# What you have to do
In the material below, identify each line bearing the word "before". Reproduce those lines.

---------- Dataset entries ----------

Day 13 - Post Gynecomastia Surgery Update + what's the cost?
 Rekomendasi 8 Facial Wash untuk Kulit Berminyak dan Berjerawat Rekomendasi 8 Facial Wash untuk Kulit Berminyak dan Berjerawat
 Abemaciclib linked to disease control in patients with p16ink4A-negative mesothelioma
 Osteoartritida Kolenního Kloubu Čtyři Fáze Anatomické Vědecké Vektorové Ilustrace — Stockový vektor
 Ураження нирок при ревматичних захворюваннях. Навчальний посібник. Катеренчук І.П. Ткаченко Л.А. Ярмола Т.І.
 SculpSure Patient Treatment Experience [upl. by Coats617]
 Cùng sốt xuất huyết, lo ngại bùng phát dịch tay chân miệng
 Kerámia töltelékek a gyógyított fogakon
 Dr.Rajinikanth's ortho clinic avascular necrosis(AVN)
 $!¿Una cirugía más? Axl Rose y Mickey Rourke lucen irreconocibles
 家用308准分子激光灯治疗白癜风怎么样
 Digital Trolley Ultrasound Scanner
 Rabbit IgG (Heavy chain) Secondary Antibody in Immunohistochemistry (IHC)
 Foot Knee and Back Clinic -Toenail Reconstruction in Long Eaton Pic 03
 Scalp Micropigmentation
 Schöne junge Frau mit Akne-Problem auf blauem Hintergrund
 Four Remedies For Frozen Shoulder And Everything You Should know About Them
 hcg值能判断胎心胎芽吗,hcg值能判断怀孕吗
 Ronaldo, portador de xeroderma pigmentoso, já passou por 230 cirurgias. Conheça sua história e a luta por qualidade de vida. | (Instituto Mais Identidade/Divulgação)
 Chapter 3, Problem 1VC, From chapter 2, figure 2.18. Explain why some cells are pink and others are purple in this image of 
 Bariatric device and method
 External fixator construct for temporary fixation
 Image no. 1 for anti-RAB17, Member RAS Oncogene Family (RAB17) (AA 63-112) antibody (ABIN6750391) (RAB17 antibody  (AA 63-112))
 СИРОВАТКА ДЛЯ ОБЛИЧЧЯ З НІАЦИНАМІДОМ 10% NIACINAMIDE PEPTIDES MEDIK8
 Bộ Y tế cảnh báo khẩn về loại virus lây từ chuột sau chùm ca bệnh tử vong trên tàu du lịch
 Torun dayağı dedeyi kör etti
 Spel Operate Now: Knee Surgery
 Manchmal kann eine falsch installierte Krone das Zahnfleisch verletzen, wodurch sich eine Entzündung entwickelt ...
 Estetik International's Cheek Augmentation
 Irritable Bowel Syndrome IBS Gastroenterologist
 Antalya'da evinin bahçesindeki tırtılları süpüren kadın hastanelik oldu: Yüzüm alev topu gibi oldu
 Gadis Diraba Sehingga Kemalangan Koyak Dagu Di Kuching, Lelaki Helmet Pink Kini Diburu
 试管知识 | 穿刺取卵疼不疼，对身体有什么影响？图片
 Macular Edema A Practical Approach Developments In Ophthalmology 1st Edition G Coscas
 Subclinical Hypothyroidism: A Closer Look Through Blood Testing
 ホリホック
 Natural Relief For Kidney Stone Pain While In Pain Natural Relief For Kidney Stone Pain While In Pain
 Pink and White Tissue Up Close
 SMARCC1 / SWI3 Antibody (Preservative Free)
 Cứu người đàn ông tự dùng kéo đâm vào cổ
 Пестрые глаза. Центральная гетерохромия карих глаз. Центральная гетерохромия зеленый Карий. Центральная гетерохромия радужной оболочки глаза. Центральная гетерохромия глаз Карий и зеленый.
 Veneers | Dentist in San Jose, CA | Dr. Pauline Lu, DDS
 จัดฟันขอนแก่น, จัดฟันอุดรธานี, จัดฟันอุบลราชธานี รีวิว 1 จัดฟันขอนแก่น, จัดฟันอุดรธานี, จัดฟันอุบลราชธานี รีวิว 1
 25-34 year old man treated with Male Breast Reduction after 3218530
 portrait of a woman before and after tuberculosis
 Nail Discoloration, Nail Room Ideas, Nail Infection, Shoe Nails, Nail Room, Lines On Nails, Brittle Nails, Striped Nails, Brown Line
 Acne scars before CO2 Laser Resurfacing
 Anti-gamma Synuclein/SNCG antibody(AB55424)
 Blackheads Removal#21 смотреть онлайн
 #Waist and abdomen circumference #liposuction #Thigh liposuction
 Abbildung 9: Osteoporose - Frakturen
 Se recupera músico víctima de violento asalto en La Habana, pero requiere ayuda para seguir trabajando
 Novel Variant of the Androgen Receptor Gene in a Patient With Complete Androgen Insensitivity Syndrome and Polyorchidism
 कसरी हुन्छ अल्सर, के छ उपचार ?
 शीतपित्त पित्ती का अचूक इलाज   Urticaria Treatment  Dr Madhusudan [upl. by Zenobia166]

----------

# Task result
 portrait of a woman before and after tuberculosis
 Acne scars before CO2 Laser Resurfacing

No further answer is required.